The amalgamation of territorial communities has been chaotic. This may lead to unequal funding, abilities to support themselves and impact on local residents
The delegation of additional financial resources and powers from the center down is one of the key reforms after the Maidan. The Cabinet of Ministers approved the Concept of Local Self-Governance and Territorial Organization of Governance back in April 2014. In late December 2014, the Rada passed amendments to the Budget and Tax Codes. This increased the sources of revenues for local budgets as some of the funding was passed to them from the central budget. A new excise duty on sales to final consumers was introduced. The tax base expanded to include real estate tax. Self-governing authorities got more control over local taxes, including the power to determine tax rates and privileges. New subventions from the central budget were introduced to help education and health care systems perform their new functions. A legislative mechanism was designed in 2015 to make cooperation of territorial communities horizontal: nearly 400 of those have already signed deals on cross-community cooperation in various fields ranging from road repair and transport maintenance to education, health care and fire security services.
Meanwhile, a sharp rise in local budget revenues of the first two years of decentralisation has slowed in 2017. In 2015-2016, local communities saw a 42-49% increase in their own revenues compared to the previous year. In 2017, the expected rise is a mere 16%, which is slightly over the current inflation rate. In the past years, the most attention has been focused on the creation of amalgamated territorial communities and priority funding for them.
The mechanism for community amalgamation was designed in 2015. It enabled them to switch to direct work with the central budget, eliminating intermediary levels, such as oblast or county, and thus allowing them to receive funds for infrastructure directly. A number of powers were delegated to the merged communities from the county administration level: they will now provide social assistance, administrative services, run schools and kindergartens, organize the work of primary health care facilities, as well as culture and sports facilities. This brings along subventions for education, health care and infrastructure development from the central budget.

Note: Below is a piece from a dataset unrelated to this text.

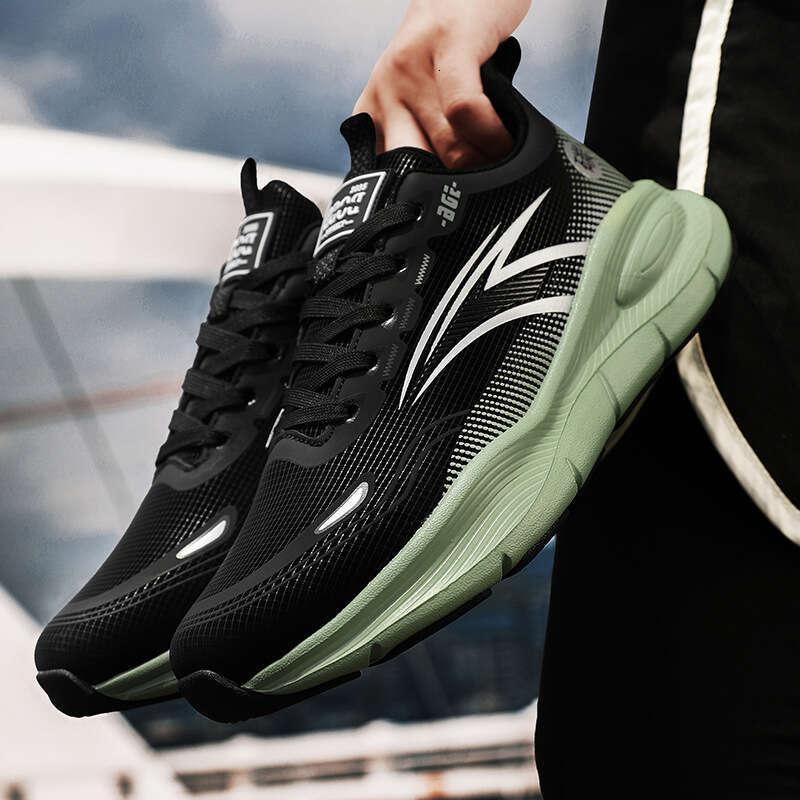 Four Seasons New Lightweight Outdoor Sports for Men Breathable Non-Slip Running Thick Sole Versatile Leather Lace-Up Men's Shoes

As a result, 794 old village and town councils that covered 2,015 settlements merged voluntarily into 159 amalgamated territorial communities (ATC) as soon as 2015. The initial process was the most dynamic in Ternopil and Khmelnytsky Oblasts in Western Ukraine where 26 and 22 ATCs emerged in 2015, merging 673 settlements out of the 2,015 that year. Elsewhere, however, a few or no new ATCs were created. As of the early 2016, ATCs covered more than 5% residents in four regions only, and more than 5% of the territory in ten regions.
That year, the pace of amalgamation accelerated, taking the number 159 to 366, and doubling the population covered to over 3.1 million. For now, these ATCs number at 1,740 or nearly 15% of former town and village councils. The geography has changed too: Zhytomyr, Dnipro, Vinnytsia and Zaporizhzhia oblasts have the lead now, while the pace of mergers in the two abovementioned oblasts has slowed down.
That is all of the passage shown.